• _Your task_
Find the line holding "Hotel Colonides - Seaside" in the entries below. Give it again exactly, along with every line after it up to and including the line holding "Фары LED для".

• _Material for this task_

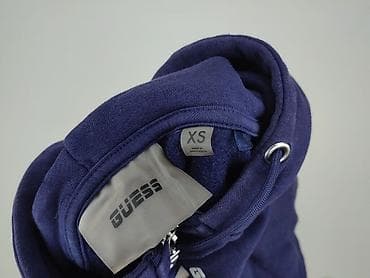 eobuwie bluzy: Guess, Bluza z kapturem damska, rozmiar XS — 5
--
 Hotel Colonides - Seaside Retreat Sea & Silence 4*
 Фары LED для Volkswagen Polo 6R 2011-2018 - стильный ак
--
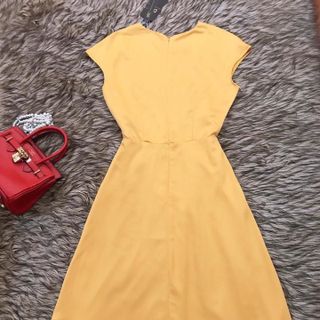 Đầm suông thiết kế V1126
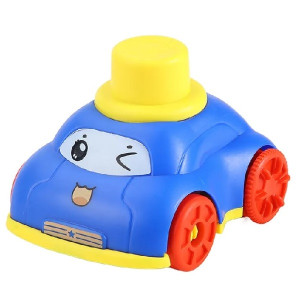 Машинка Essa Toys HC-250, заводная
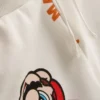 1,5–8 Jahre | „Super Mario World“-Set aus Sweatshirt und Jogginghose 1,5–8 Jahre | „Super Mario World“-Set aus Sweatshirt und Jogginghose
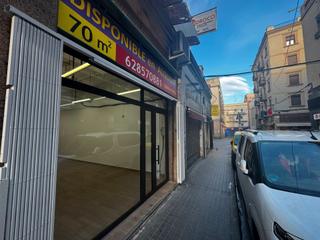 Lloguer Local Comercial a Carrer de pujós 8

• _Written response_
 Hotel Colonides - Seaside Retreat Sea & Silence 4*
 Фары LED для Volkswagen Polo 6R 2011-2018 - стильный ак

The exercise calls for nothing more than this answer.